Comme en 2013, l'inquiétude ressurgit sur les risques d'une nouvelle crise, alors que les banques traversent une période difficile, qui s'est manifestée en Europe par l'effondrement en Bourse de la Deutsche Bank, de plusieurs banques italiennes et qui atteint même, dans une moindre mesure, les plus grandes banques françaises.

Certains, pour les plus pessimistes, n'hésitent pas à prédire un nouveau krach qui atteindrait cette fois non seulement les Bourses, mais aussi les marchés obligataires, gavés de liquidité par les banques centrales dont les taux d'intervention sont entrés, depuis la décision de la Banque du Japon de les porter en territoire négatif, dans une terra incognita.

Après une chute brutale dans les premières semaines de l'année, les marchés semblent s'être stabilisés cette semaine, mais les dégâts psychologiques de cet épisode de bear market (marché à la baisse) sont déjà perceptibles. Plus que jamais, on attend le salut des banques centrales, seules à même de rassurer les marchés. Alors qu'une nouvelle récession pointe le nez, l'horizon d'une deuxième hausse des taux américains s'éloigne de plusieurs années, tandis qu'en Europe, tous les espoirs se tournent vers la BCE qui pourrait prendre de nouvelles initiatives en mars. Sans aller jusqu'à prévoir des taux négatifs, les investisseurs comptent bien sur Mario Draghi pour sauver les banques, dont les bilans se dégradent à cause de la chute des prix du pétrole et de l'atonie de l'économie.

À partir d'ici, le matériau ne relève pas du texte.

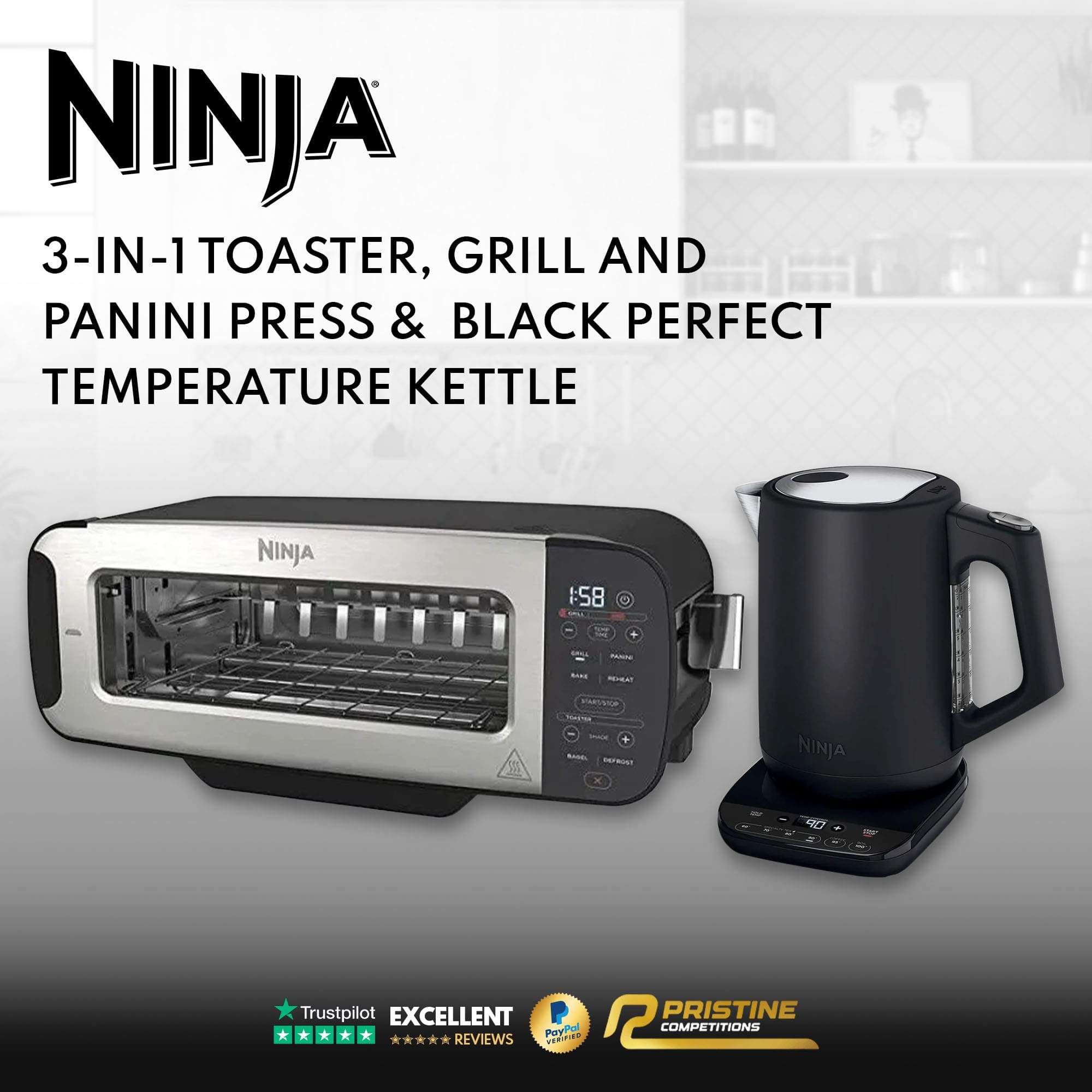 Ninja Foodi 3-in-1 Toaster, Grill & Panini Press & Ninja Black Perfect Temperature Kettle, Rapid Boil #7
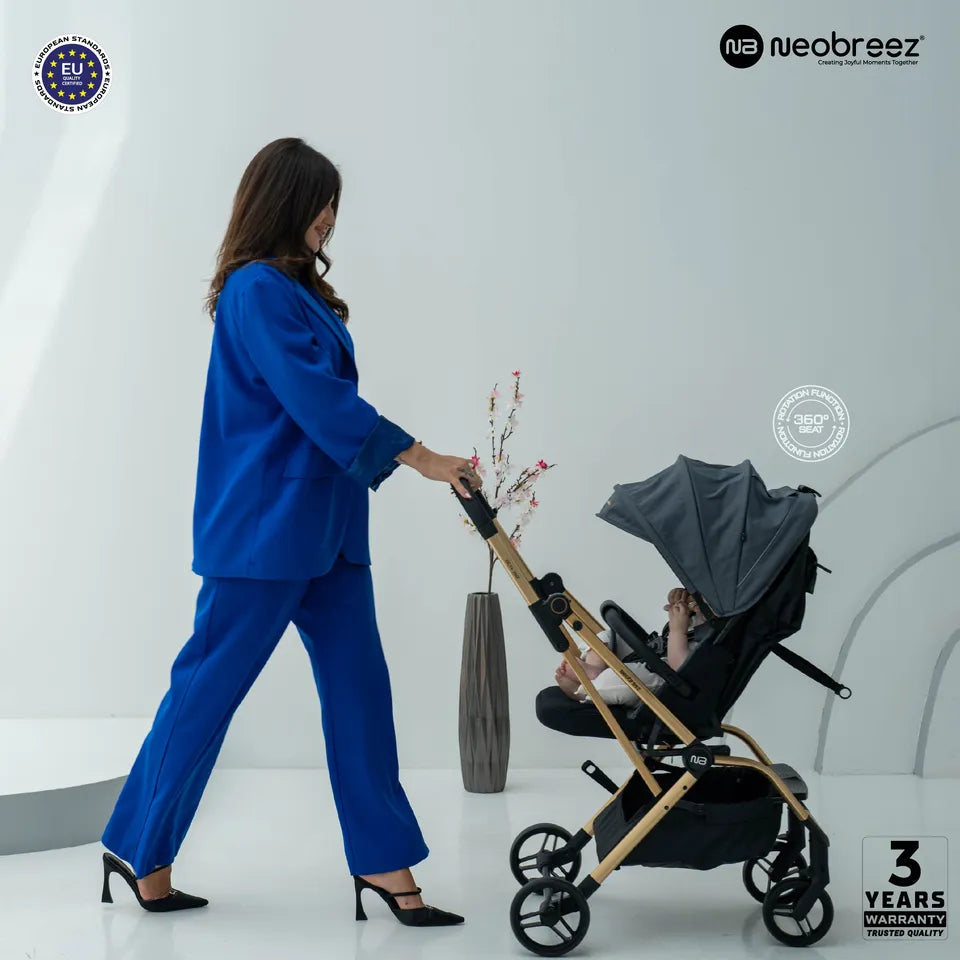 Neobreez Octa 360-Degree Rotate Lightweight Compact Travel Stroller - Grey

Encore plus pessimiste, Patrick Artus, le patron de la recherche de Natixis, dénonce dans son dernier livre écrit avec la journaliste Marie-Paule Virard « la folie des banques centrales », pompiers pyromanes qui jouent avec le feu en inondant la planète financière de liquidités, au risque de semer les germes d'une nouvelle crise à côté de laquelle celle de 2008 ne serait qu'une « aimable plaisanterie ». Les taux zéro, voire négatifs, sont certes une aubaine pour les emprunteurs, notamment les États, mais c'est une malédiction pour les banques qui voient leur rentabilité baisser de façon structurelle, et augmenter leurs risques sur leurs portefeuilles d'actifs.

Reste que la solution à ce dilemme n'est pas aisée

Les banques centrales redoutent les effets d'une remontée des taux sur les ménages endettés à taux variables (ce qui est le cas partout ailleurs qu'en France) et sur des marchés financiers nerveux. La normalisation des valorisations boursières est de ce point de vue plutôt une bonne nouvelle, mais l'excès de liquidités est tel que dès qu'une bulle se dégonfle quelque part - cela a été le cas sur les valeurs technologiques, dont beaucoup étaient surestimées (Apple, LinkedIn, Yahoo...) -, une autre se forme ailleurs.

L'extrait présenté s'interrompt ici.